Bernard Seigneur, présenté ici comme l’”original”, incarne à vrai dire une espèce assez souvent représentée dans les marges de la famille moyenne ou carrément populaire de notre pays. On sait, depuis Cendrars., l’importance des oncles dans les familles. A la vie régulière (et plate) des pères s’oppose le rêve aventureux des oncles. Il n’y a pas de père chercheur d’or, tandis que l’oncle peut trafiquer de l’ivoire, et le cousin bénéficie du même préjugé favorable. Dans le cas de L’original, le protagoniste tient à la fois du “bon type” et du “mauvais sujet”, mélange de jeune rebelle autostoppeur objecteur de conscience et de débrouillard tous azimuts consacrant ses paies d’infirmier au tourisme sexuel multinational avant la lettre. Son cousin Bernard révéla le football au futur arbitre Yves Laplace: on comprend donc la reconnaissance de celui-ci, sans le suivre pour autant dans la fascination qui le fait célébrer son aîné comme le parangon de l’homme libre.

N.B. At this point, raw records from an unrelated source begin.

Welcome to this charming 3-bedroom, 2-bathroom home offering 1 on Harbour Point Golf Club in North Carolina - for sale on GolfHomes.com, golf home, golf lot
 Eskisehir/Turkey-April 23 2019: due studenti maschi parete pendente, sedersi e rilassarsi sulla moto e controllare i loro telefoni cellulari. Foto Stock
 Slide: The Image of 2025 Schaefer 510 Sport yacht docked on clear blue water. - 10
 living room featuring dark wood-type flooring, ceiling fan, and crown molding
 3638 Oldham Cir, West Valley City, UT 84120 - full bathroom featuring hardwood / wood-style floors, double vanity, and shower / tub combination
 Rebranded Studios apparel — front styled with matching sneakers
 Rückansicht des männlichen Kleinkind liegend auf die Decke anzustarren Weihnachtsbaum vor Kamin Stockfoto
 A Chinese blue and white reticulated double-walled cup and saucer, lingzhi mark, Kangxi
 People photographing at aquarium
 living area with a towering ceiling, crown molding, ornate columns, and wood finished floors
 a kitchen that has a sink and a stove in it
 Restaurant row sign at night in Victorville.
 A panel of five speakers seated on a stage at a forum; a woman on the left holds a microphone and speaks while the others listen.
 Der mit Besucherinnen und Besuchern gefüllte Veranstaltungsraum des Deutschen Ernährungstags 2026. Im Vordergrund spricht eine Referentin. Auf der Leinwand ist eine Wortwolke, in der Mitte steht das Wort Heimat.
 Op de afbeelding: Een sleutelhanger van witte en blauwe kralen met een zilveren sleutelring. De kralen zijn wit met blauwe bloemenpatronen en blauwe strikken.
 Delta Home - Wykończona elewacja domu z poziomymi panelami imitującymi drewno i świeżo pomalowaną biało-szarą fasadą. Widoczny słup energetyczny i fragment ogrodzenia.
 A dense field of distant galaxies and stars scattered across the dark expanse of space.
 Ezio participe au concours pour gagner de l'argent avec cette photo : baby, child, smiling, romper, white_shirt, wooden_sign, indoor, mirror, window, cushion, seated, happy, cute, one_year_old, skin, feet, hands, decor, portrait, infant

Bernard, dit la Bernouille, se voudrait le représentant le plus à la coule de la tribu des Tanneurs. Marié quatre fois en moins d’un quart d’heure, il se targue d’avoir possédé plus de mille femmes sous toutes les latitudes. Passons sur ses goûts particuliers à la Houellebecq (il ne lui est de plus grande jouissance que d’éjaculer sur le visage de sa muse...), pour nous arrêter sur sa vision “métaphysique” du sexe. Bernard Seigneur considère ainsi que l’amour tient essentiellement à se “vidanger dans le vide”. Logiquement alors, la procréation lui semble une saloperie avérée. Comme un Cioran, il voit en la paternité un “crime”. N’est-ce pas d’un chic total ?
Lui qui n’a “aucune foi en la vie”, reconnaît cependant que certaines dames avortent plus volontiers que d’autres: “Les meufs ne sont pas toujours d’égoïstes femelles. Elles se plient si tu poses l’exigence et si tu abrèges l’explication”. On a les élégances qu’on peut...
Nihiliste soi-disant éclairé pour qui “la femme est un repas”, il dit, “ne pas connaître “d’être plus libre parmi les humains que l’aliéné dans sa chambre capitonnée”. Faut-il lui souhaiter, et à l’auteur, une bonne petite séance d’électrochocs ? Lui qui considère la femme occidentale comme “analphabète de son corps” et se demande s’il est un “plus grand désastre que d’être promu cadre chez Swissair”, dit aussi, en passant, qu’il a “toujours rêvé de la Femme sans la trouver” et qu’il n’a “aucune foi en la vie”.
Pourtant il semble se croire plus vivant que les autres, comme le lecteur, abusé par la vivacité du texte, pourrait le conclure à première approche. Mais au regard plus attentif, ce Bernard “sonne” froid, pur mec brandissant son sceptre phallique. Et finalement, méritait-il tant d’attention de le part de son cousin ? Le feuilleton est déclaré “à suivre”. Est-il sûr que ce soit une bonne idée ?
Yves Laplace. L’original. Stock, 227p.